Problem description: Extract the line that contains "STA-BIL Storage Fuel" and every line after it to the end of the records below, exactly as written and nothing else.

[Short text fragments from websites]
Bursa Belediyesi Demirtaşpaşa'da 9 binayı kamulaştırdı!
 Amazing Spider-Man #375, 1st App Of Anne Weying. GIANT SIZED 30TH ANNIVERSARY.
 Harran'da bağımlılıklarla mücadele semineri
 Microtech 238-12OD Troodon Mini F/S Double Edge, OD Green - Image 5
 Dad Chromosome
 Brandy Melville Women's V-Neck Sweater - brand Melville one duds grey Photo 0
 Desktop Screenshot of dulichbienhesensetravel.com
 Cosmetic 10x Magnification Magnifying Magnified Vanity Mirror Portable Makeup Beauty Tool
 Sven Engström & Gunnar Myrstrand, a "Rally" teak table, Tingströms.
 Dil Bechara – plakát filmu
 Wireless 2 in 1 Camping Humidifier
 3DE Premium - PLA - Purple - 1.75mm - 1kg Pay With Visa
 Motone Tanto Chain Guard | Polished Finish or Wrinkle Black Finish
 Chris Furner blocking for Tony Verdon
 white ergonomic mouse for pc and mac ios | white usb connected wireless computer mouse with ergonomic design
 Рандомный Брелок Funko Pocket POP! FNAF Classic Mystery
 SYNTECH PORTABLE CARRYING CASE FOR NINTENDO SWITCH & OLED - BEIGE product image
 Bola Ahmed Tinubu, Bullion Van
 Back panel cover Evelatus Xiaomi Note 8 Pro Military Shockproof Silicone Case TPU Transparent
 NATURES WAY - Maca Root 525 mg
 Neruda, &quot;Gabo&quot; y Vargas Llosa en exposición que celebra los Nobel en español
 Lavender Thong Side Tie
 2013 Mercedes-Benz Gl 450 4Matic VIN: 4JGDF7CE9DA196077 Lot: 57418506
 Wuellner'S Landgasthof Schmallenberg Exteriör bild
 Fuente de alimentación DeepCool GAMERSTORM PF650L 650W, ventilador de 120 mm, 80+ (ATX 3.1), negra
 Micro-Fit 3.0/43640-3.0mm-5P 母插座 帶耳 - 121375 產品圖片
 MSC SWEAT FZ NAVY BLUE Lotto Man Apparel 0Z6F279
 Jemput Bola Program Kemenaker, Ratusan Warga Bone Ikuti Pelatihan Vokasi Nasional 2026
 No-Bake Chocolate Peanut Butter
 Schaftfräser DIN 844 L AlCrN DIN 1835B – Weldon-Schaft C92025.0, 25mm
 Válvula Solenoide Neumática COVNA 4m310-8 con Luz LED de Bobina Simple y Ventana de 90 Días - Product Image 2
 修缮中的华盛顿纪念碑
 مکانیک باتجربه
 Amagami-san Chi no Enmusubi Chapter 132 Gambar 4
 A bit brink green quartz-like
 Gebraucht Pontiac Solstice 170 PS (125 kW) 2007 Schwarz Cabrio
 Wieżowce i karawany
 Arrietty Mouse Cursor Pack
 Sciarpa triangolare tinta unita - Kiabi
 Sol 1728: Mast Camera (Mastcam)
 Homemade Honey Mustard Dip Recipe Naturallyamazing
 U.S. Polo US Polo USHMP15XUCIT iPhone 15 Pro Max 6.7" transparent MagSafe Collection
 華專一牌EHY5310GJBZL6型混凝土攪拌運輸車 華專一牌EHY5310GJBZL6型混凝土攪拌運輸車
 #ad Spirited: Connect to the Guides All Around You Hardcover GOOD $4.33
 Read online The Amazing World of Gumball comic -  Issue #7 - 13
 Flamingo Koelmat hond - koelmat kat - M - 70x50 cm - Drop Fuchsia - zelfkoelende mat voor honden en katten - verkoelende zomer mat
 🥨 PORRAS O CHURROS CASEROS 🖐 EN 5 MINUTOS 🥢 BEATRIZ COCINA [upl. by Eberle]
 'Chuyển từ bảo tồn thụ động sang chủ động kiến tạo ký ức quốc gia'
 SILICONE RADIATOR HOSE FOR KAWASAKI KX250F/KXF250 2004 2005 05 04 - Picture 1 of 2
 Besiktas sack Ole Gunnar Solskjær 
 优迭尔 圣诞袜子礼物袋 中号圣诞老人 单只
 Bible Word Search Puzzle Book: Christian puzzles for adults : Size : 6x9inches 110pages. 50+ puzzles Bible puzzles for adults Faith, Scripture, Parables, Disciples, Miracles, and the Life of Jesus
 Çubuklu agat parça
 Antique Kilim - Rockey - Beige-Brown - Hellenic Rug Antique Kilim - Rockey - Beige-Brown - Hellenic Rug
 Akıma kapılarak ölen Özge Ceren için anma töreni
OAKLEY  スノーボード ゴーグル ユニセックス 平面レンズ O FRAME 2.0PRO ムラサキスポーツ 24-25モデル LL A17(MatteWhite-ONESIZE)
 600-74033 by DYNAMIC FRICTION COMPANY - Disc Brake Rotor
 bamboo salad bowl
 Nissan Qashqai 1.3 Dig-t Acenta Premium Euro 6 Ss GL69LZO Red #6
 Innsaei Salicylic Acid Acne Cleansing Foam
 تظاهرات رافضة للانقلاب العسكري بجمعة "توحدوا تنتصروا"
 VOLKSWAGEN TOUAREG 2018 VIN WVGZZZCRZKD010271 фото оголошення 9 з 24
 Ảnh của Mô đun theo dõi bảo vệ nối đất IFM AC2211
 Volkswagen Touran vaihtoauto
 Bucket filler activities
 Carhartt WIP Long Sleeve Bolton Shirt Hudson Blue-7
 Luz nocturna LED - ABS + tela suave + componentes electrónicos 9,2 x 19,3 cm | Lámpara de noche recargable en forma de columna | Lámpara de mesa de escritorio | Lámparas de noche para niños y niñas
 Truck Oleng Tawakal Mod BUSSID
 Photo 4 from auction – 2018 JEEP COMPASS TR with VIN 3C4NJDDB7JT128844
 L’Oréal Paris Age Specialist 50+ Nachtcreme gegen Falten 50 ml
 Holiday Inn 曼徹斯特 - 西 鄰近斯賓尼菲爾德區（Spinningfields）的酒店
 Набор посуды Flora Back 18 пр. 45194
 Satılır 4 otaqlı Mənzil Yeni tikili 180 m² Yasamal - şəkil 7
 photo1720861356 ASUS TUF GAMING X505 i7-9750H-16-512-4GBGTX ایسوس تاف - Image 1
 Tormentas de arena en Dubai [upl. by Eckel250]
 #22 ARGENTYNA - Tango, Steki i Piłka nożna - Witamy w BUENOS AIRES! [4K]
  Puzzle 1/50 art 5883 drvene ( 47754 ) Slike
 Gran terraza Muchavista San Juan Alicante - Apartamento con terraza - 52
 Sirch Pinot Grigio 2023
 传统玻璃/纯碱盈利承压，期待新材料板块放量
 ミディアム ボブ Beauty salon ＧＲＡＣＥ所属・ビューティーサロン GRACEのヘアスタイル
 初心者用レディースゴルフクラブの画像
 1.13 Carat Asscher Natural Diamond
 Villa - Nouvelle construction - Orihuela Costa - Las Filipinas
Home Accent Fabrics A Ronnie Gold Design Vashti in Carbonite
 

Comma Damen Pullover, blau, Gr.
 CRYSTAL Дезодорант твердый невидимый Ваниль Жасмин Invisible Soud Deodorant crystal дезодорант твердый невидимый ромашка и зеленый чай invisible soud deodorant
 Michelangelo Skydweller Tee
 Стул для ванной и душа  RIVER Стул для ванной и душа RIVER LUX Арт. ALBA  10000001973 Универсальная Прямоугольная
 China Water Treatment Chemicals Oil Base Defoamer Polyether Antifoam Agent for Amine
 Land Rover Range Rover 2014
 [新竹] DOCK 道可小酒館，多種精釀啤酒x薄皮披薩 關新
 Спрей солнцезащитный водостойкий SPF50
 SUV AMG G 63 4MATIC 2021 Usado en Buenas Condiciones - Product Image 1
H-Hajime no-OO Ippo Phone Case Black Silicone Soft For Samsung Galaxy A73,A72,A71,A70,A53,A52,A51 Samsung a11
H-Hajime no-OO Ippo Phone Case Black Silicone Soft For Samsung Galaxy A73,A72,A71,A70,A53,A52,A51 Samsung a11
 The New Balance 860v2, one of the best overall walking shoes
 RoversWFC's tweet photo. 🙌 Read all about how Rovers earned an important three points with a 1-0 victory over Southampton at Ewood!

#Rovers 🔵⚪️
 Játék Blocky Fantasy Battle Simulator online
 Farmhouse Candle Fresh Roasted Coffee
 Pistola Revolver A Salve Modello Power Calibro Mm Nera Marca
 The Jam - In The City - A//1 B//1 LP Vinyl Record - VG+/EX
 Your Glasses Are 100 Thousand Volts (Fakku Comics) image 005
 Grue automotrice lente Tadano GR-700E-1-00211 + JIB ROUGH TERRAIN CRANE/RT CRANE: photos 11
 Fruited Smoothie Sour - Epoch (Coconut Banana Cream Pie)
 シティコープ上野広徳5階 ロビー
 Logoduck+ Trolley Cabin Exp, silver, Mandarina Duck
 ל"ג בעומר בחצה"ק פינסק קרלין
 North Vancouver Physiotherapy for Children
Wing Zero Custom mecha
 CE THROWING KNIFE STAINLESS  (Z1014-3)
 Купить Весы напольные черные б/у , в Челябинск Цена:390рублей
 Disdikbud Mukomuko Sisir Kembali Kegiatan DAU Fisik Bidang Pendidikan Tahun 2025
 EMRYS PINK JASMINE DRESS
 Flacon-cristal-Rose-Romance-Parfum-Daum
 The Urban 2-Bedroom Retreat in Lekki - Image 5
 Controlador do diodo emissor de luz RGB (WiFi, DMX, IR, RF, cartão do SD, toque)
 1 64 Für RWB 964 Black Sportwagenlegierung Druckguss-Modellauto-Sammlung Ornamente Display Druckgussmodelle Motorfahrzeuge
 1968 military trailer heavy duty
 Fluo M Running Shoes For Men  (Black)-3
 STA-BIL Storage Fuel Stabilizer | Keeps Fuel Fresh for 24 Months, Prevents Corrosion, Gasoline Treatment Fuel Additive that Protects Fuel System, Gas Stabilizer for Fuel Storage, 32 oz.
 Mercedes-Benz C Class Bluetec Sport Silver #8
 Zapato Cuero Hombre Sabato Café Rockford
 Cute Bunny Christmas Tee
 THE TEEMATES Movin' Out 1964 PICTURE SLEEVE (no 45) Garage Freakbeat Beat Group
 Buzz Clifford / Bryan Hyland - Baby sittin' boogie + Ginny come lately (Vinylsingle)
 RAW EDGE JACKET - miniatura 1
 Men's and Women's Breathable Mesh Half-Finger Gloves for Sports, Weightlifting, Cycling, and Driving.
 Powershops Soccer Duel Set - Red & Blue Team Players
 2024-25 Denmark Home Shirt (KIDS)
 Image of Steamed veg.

Solution below:
 STA-BIL Storage Fuel Stabilizer | Keeps Fuel Fresh for 24 Months, Prevents Corrosion, Gasoline Treatment Fuel Additive that Protects Fuel System, Gas Stabilizer for Fuel Storage, 32 oz.
 Mercedes-Benz C Class Bluetec Sport Silver #8
 Zapato Cuero Hombre Sabato Café Rockford
 Cute Bunny Christmas Tee
 THE TEEMATES Movin' Out 1964 PICTURE SLEEVE (no 45) Garage Freakbeat Beat Group
 Buzz Clifford / Bryan Hyland - Baby sittin' boogie + Ginny come lately (Vinylsingle)
 RAW EDGE JACKET - miniatura 1
 Men's and Women's Breathable Mesh Half-Finger Gloves for Sports, Weightlifting, Cycling, and Driving.
 Powershops Soccer Duel Set - Red & Blue Team Players
 2024-25 Denmark Home Shirt (KIDS)
 Image of Steamed veg.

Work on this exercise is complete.